_Extracted records_:
☆ ☆ ☆ ☆ ☆ ☆ ☆
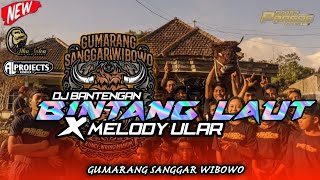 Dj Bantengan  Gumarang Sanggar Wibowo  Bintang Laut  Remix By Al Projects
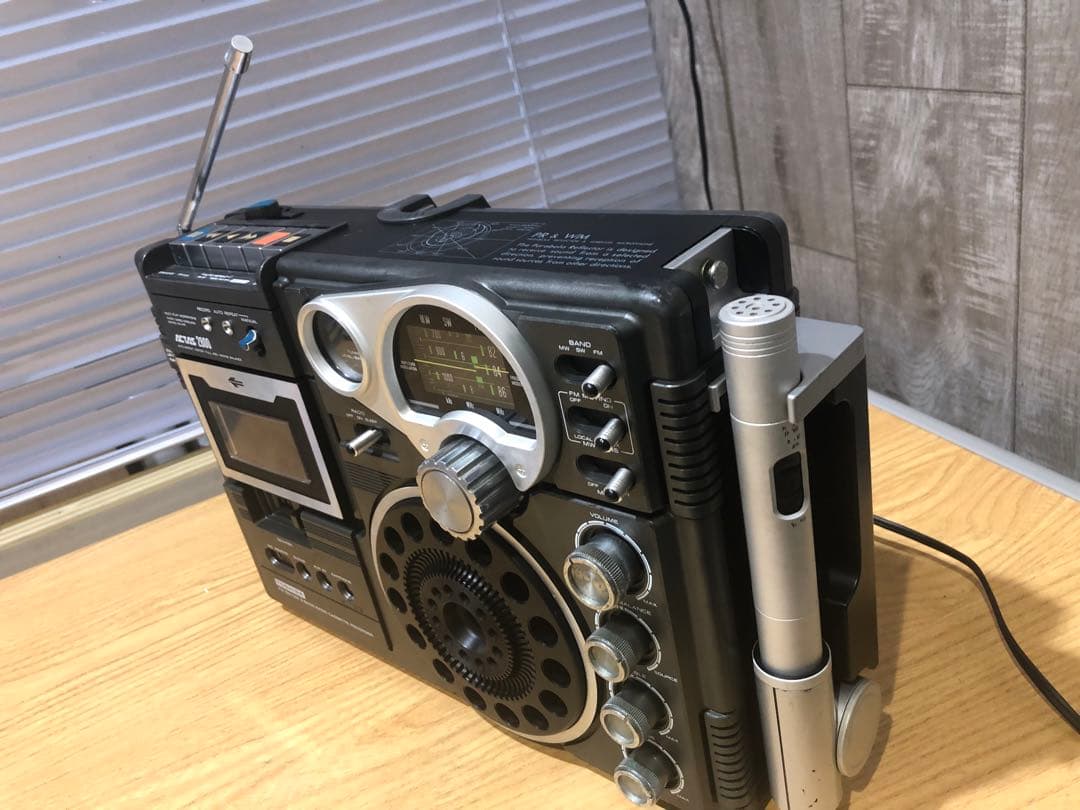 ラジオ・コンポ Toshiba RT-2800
☆ ☆ ☆ ☆ ☆ ☆ ☆
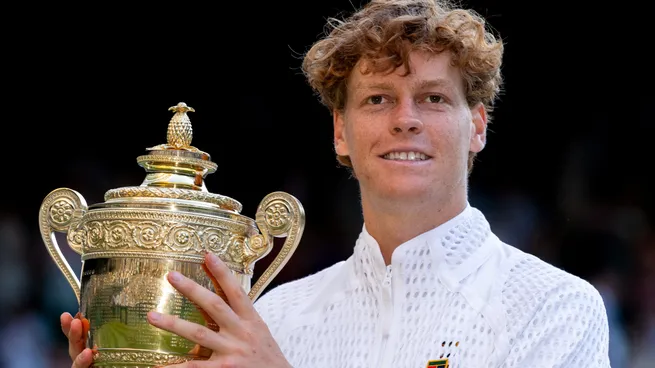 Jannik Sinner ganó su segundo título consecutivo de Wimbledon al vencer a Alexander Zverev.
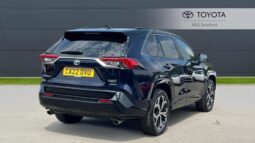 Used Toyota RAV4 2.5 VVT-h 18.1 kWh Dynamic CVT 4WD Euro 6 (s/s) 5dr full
☆ ☆ ☆ ☆ ☆ ☆ ☆
_Description of the task_: Exactly the lines above from the one that contains "By Al Projects" down to the one that contains "ラジオ・コンポ Toshiba RT-2800" are to be output, both ends kept and pictures omitted.

_Task response_:
 Dj Bantengan  Gumarang Sanggar Wibowo  Bintang Laut  Remix By Al Projects
 ラジオ・コンポ Toshiba RT-2800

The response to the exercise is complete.